Required Conditions for Integration
There must be five important affinities between
countries in terms of the conditions that provide integration and the
availability of international economic integrations. These are geographical
proximity, political proximity, proximity in terms of economic development
levels or homogeneity in economic development, homogeneity in the applied
economic system and closeness of socio-cultural ties.
For geographical proximity, to be permanent on
a regional basis it is only possible by producing trade policies for the
countries in the region in which they are located and following a foreign trade
strategy based on neighboring countries and carried out with healthy
inter-institutional coordination. Nowadays, when we look at the world in
general, we witness that regional integrations and therefore trade with
neighboring countries are developing rapidly and countries are following a
policy in this direction.
For political proximity, it is important to
establish a "legal infrastructure" in the development of bilateral
economic relations between states. The most important agreements that prepare
the legal ground of the relations can be listed as;
1. Trade Agreement
2. Double Taxation Prevention
Agreement (DTPA)
3. Agreement on Mutual
Promotion and Protection of Investments (AMPPI)

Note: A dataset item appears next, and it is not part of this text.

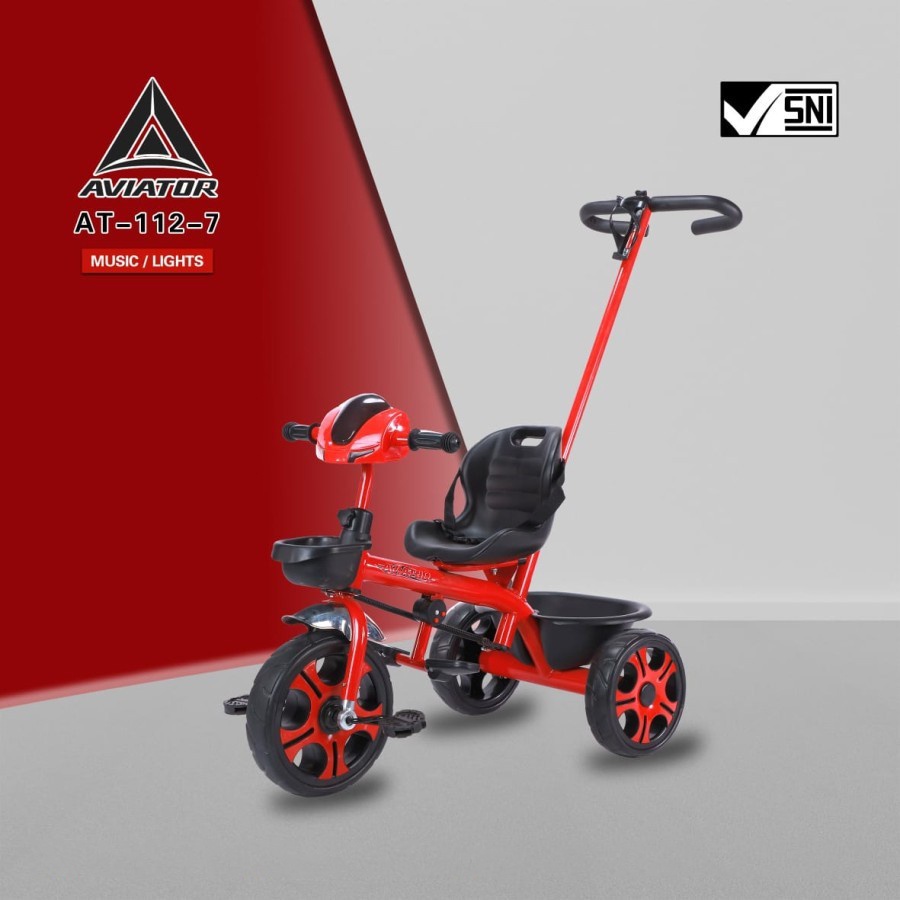 Sepeda Anak Bayi Balita Dorong Roda 3 Tricycle Aviator AT112-7 Music Light Ban Eva By Pacific-2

Proximity in terms of economic development levels, the success of integration varies depending on the
development level of the countries. While the integration to be established
between countries with similar economic structures will be more successful, the
chances of success of integrations established between countries with different
economic structures are more limited. E.g; Integration of developed countries
with developed countries and developing countries with developing countries
increases the chance of integration, while integration of developing countries
with developed countries limits the success of integration.
Homogeneity in the applied economic system includes the integration of other instruments such as
money, finance and socio-economic policies beyond the common market. A single
monetary and banking system, common financial policies and a supranational body
that will determine and implement common economic policies throughout the union
must be established.
TradeAtlas plays an important role in providing
economic integration.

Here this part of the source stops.